I love today’s gospel.  Of all the accounts of the resurrection appearances of Jesus, it is my favorite.  Until Jesus vanishes from their sight, it seems quite ordinary.  Two disciples are walking back to the village which is likely their home.  They are saddened and perplexed by the events of Jesus’ betrayal, trial, execution and death, and by the reports that he is in fact alive.  Luke beautifully captures their emotional state in the aftermath of these events, and all the better by having us accompany them as they walk those seven miles.  Luke’s skill as a writer invites us to join them as they trudge along, in no great hurry, talking with each other.  When a stranger appears, they are open to his presence and include him in their conversation.  The most natural scene in the world. 

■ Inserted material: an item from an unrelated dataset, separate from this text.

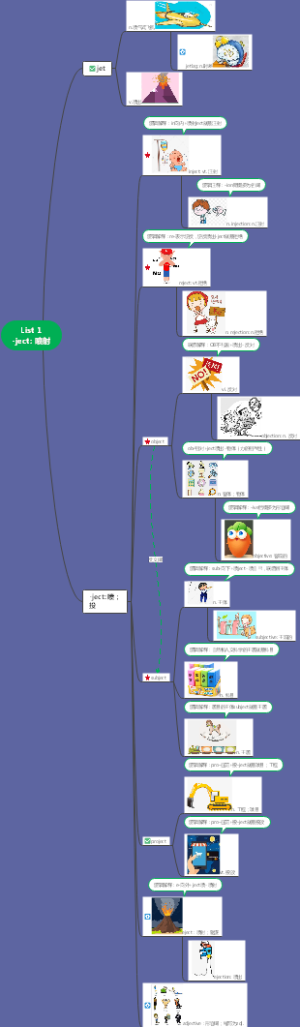 -ject思维导图词根逻辑记忆法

          And another realistic touch.  When the stranger they have included begins to instruct them in detail about the scriptural anticipations of the passion and resurrection, they don’t seem to catch on at all.  They, like most of us, are not perhaps the brightest bulbs in the sign.  Imagine having a daylong bible study led by Jesus.  Of course they don’t know it’s Jesus.  But perhaps there might have been a clue or two.  Jesus’ response to them is a pretty big breadcrumb of a hint: “Oh, how foolish you are, and how slow of heart to believe all that the prophets have declared! Was it not necessary that the Messiah should suffer these things and then enter into his glory?” Then beginning with Moses and all the prophets, he interpreted to them the things about himself in all the scriptures.”  But our two friends don’t pick up on this at all.  And that too is realistic!  How often do we hear something that is the key that will unlock something for us, and we just don’t get it?  Cleopas and his friend are Everyman.  They could be anyone.  They could be us.  In fact, they probably are.

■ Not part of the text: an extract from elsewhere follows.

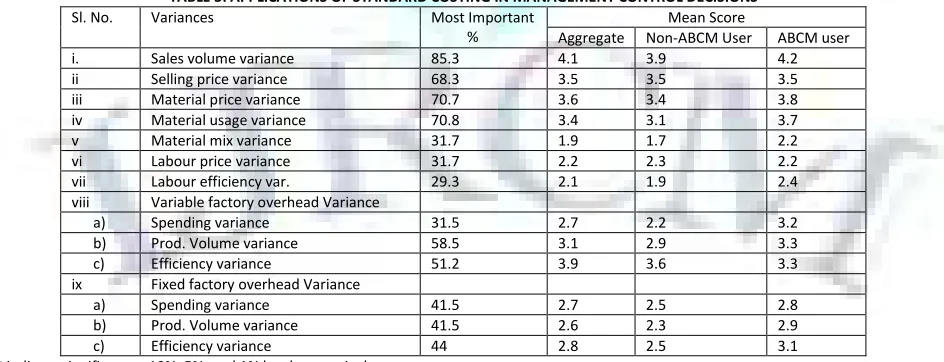 TABLE 3: APPLICATIONS OF STANDARD COSTING IN MANAGEMENT CONTROL DECISIONS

          They certainly don’t know their scriptures, that’s for sure.  Virtually every angel story in the Hebrew scriptures follows the same pattern as this story: In the context of some crisis or other, perfectly ordinary people are going about their business when someone appears.  Always a stranger.  But a stranger who seems to know what is going on.  The stranger introduces something new into the situation which changes things.  Then, only as or after he disappears, do they realize it was the Divine One.  A seemingly quite ordinary human person is revealed to be the presence of God come among them.  The story of the road to Emmaus is in this sense very much a of piece with God’s older angelic revelations to his people.  They are smack dab in the middle of one and don’t know it till it’s over.  And I think that has been the point of the story for Christians throughout the ages, and for us today.   It seems altogether ordinary when it is happening, and only later do we realize the truth.

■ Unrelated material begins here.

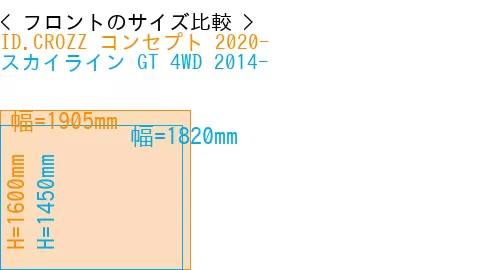 #ID.CROZZ コンセプト 2020- + スカイライン GT 4WD 2014-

          If Cleopas and his friend are Everyman, then we are invited to identify ourselves with them.  We may take it that if this is a story about how the risen Christ appeared to his quite ordinary disciples, then it is also a story about how we can encounter Him in our ordinary lives as well.    

          There is something attractive to me about Cleopas and his friend.  They are clearly stunned by the events that have just happened, but they are open to them.  They remember and recount the data but can’t piece them together.  They can’t find the meaning or the solution of them.  They are also emotionally open: they are obviously deeply moved.  But more than that, they are open to this stranger joining them.  In the culture of their time, that says something.  In their culture you just don’t invite strangers to share in confidence your deepest concerns.  But they do.  They are big hearted people, ready to invite a stranger in.

          “As they came near the village to which they were going, he walked ahead as if he were going on.”  I absolutely love this little detail.  There is a fine politeness, a gentility, about this action  of Jesus.  He’s not one of those who hangs around hoping to be invited.  We all know people like that - it is time to separate, and it is embarrassing to exclude someone who  obviously wants to be included.  But Jesus does the gentlemanly thing and moves ahead, avoiding being a possible cause of embarrassment to his new friends.  But thick as these two may be in some ways, they immediately understand the situation, and they invite him to join them for supper and the night.  An ordinary human kindness.  It is this act of kindness that makes opening their eyes to the Risen Christ among them possible.

          This story tells us that God is gracious.  The Lord does not press his new friends to invite him in, but gives them the space to open themselves to him.  It is as though we are being told that God will be close at hand, wanting to join us, but only when our hearts are big enough to reach out and invite Him in. 

          This lovely story has a clear message for all Christians.  It is telling us that we will find the Risen Christ already in our midst.  In Matthew 25, Jesus tells his disciples where to find him: “Inasmuch as you did it to one of the least of these, you did it to me.”  He is already and always here with us. 

          As we trudge along our daily seven mile journeys, pondering the things that have happened around us and to us, someone may unexpectedly join in our conversation.  Perhaps we should welcome that new voice.  It may be that our openness to including someone new in our lives, as the two on the road to Emmaus did, will open to us a new and unexpectedly blessed presence.  It would seem that the resurrected Lord is already here, waiting for our openness and welcome. 

          For monks - and after all, this is a monastery - this story of the unexpected presence of Christ has a special significance.  One of the most famous passages of the Rule of Benedict is in chapter 53, The Reception of Guests, referring to Matthew 25: “All guests who present themselves are to be welcomed as Christ, for he himself will say: I was a stranger and you welcomed me.”  This statement commands an act of loving charity to someone in their need.  The context of this act is the  resurrection.  All Christians, and especially monks, live in the expectation of the New Life of Easter.  To welcome Christ in every guest is to expect that New Life will in fact come right to our door.  We are invited to live in constant expectation of the inbreaking of the resurrection life in the most mundane of circumstances, in the person who comes to us hoping to join in some small way with us in our daily life, hoping to be included in our conversation as we journey on our way, if even ever so briefly.  The business of being a monk is the business of readiness for the inbreaking of the Risen Christ.  We should be trying to create an expectation of a wonderful greatness about to break in.  We should be practicing to recognize the signs of it when it starts to happen.  Our monasteries should be places where that energy of loving expectation is the light we see by and the air we breathe.

          Which leads me to share a final thought, perhaps a bit wild.  If we are to welcome every guest as Christ, what sort of expectation does that put on a guest?   We are all of us guests in different ways, at one time or another.  What does it mean to a guest that our hosts think that we might represent Christ?  Perhaps we should consciously try to bring Christ with us as we are welcomed. 

          Perhaps we are all called to be both Christ-welcomers and Christ-bearers.